### TASK GOAL
Retype the material that follows exactly, limited to the lines from the one with "Danh sách card mạng trong hệ thống Hiển" through the one with "Страница 37 ГОСТ Р ИСО 14708-4-2016", and keep out all pictures.

### SUPPLIED RECORDS
[Start of Attachment]
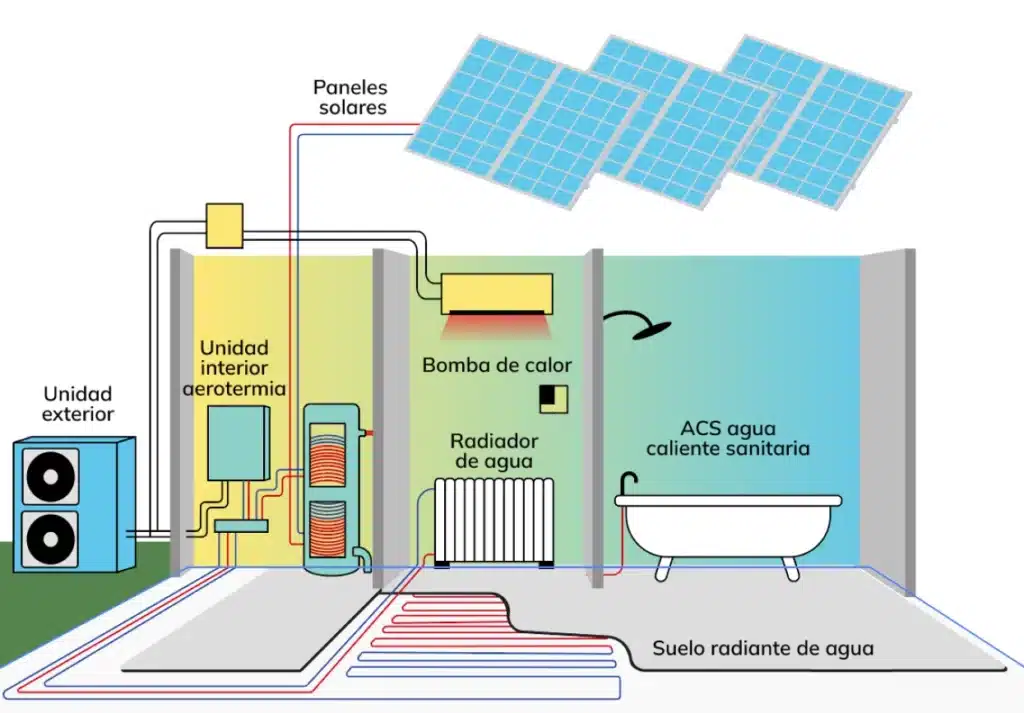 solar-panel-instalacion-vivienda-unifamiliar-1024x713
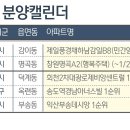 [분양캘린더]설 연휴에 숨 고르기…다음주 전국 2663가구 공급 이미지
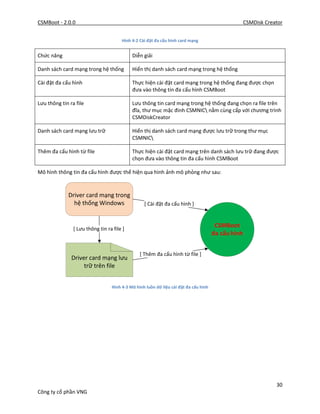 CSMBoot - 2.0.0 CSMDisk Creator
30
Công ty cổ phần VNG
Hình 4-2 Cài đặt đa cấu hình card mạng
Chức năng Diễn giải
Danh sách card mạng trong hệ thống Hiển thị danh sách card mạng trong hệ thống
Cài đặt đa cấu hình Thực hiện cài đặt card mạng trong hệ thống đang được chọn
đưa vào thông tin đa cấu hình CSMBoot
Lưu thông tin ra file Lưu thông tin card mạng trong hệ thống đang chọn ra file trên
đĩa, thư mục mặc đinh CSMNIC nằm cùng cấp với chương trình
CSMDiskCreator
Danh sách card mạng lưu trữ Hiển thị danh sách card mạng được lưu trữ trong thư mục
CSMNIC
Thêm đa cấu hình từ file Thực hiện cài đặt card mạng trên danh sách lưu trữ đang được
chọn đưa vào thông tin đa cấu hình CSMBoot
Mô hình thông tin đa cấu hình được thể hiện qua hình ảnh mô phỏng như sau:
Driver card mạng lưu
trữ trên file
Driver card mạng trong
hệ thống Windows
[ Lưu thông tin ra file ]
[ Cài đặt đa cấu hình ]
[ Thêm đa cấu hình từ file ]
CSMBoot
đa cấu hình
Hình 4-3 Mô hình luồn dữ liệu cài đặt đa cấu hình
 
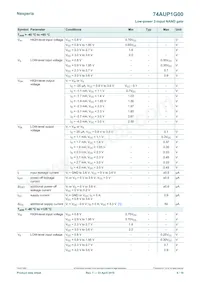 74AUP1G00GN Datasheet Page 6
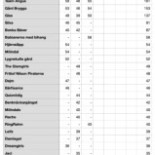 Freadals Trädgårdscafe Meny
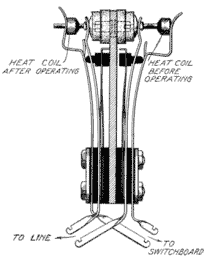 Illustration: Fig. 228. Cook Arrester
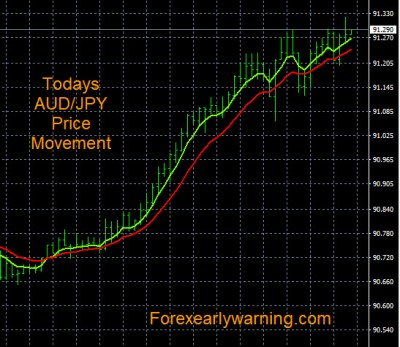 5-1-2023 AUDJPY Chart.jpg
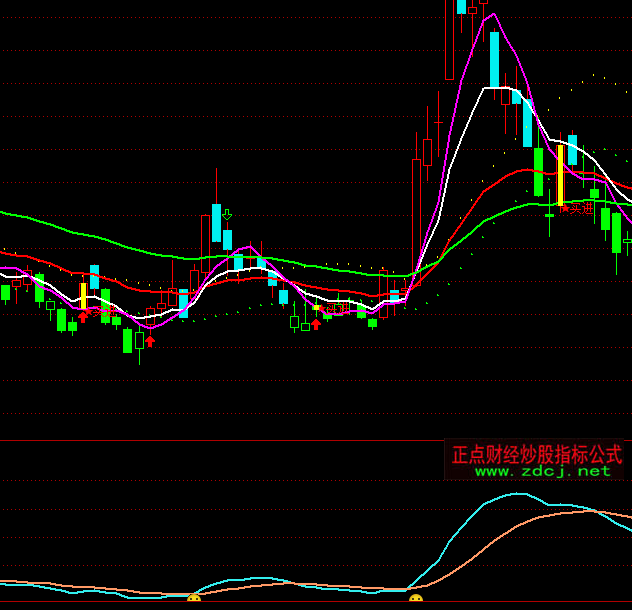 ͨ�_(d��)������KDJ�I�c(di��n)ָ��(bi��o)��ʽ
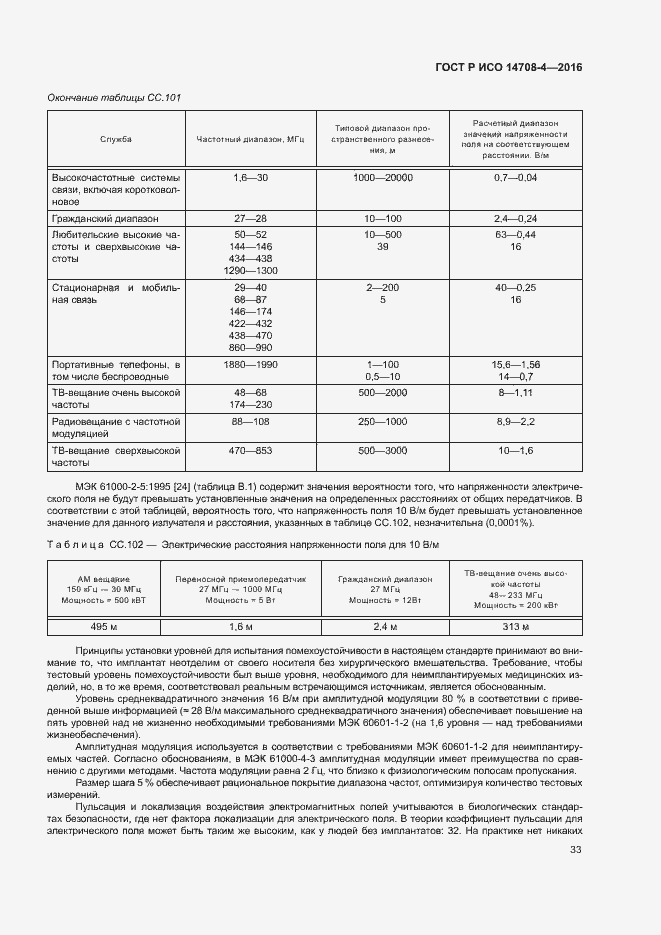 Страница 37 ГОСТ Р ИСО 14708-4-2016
[End of Attachment]
[Start of Attachment]
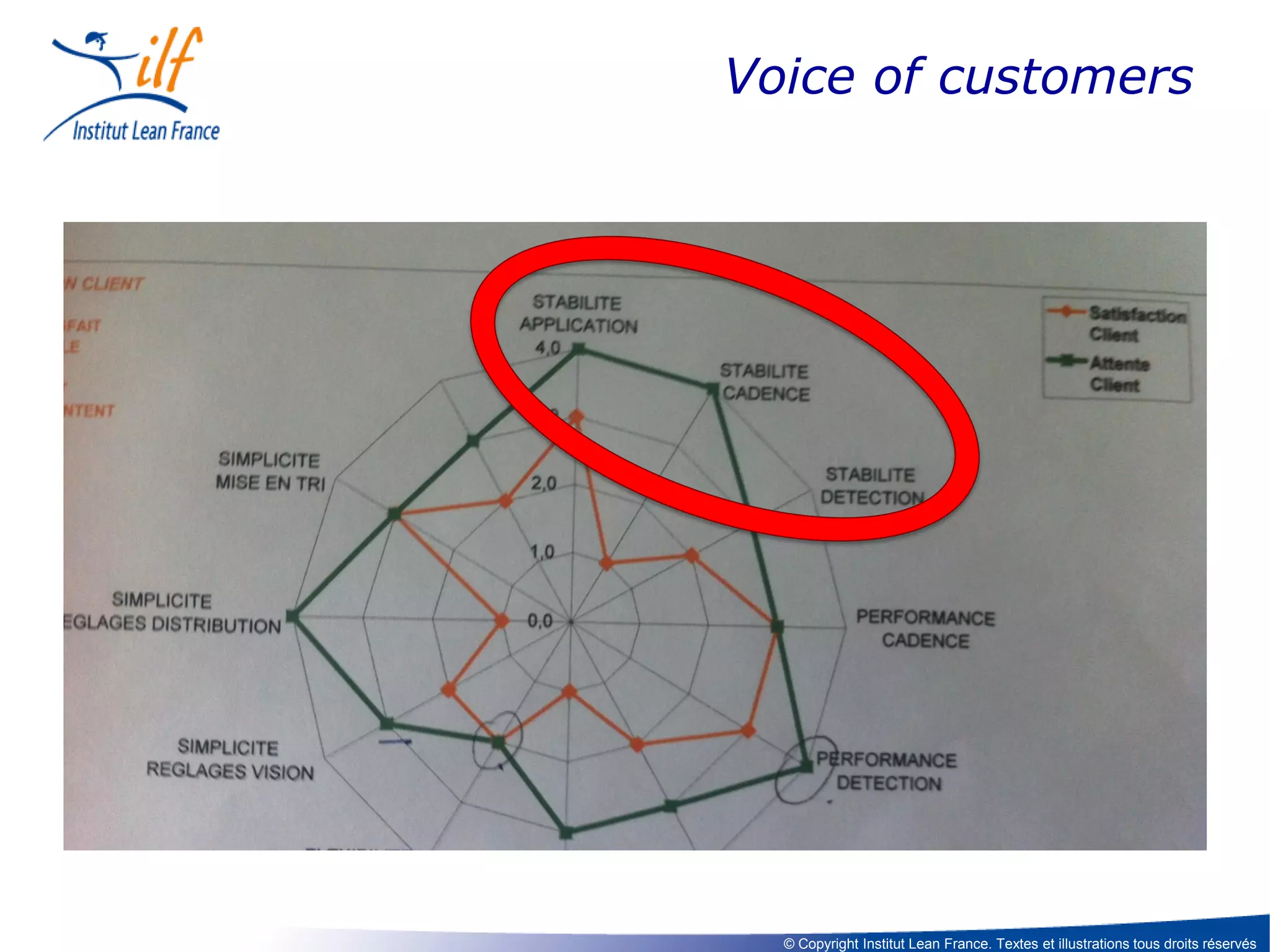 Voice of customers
[End of Attachment]
[Start of Attachment]
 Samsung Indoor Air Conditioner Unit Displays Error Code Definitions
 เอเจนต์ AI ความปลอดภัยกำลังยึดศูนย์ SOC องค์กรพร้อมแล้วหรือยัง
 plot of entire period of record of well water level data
[End of Attachment]
### ANSWER SECTION
Danh sách card mạng trong hệ thống Hiển thị danh sách card mạng trong hệ thống
Cài đặt đa cấu hình Thực hiện cài đặt card mạng trong hệ thống đang được chọn
đưa vào thông tin đa cấu hình CSMBoot
Lưu thông tin ra file Lưu thông tin card mạng trong hệ thống đang chọn ra file trên
đĩa, thư mục mặc đinh CSMNIC nằm cùng cấp với chương trình
CSMDiskCreator
Danh sách card mạng lưu trữ Hiển thị danh sách card mạng được lưu trữ trong thư mục
CSMNIC
Thêm đa cấu hình từ file Thực hiện cài đặt card mạng trên danh sách lưu trữ đang được
chọn đưa vào thông tin đa cấu hình CSMBoot
Mô hình thông tin đa cấu hình được thể hiện qua hình ảnh mô phỏng như sau:
Driver card mạng lưu
trữ trên file
Driver card mạng trong
hệ thống Windows
[ Lưu thông tin ra file ]
[ Cài đặt đa cấu hình ]
[ Thêm đa cấu hình từ file ]
CSMBoot
đa cấu hình
Hình 4-3 Mô hình luồn dữ liệu cài đặt đa cấu hình
 
 74AUP1G00GN Datasheet Page 6
 Freadals Trädgårdscafe Meny
 Illustration: Fig. 228. Cook Arrester
 5-1-2023 AUDJPY Chart.jpg
 ͨ�_(d��)������KDJ�I�c(di��n)ָ��(bi��o)��ʽ
 Страница 37 ГОСТ Р ИСО 14708-4-2016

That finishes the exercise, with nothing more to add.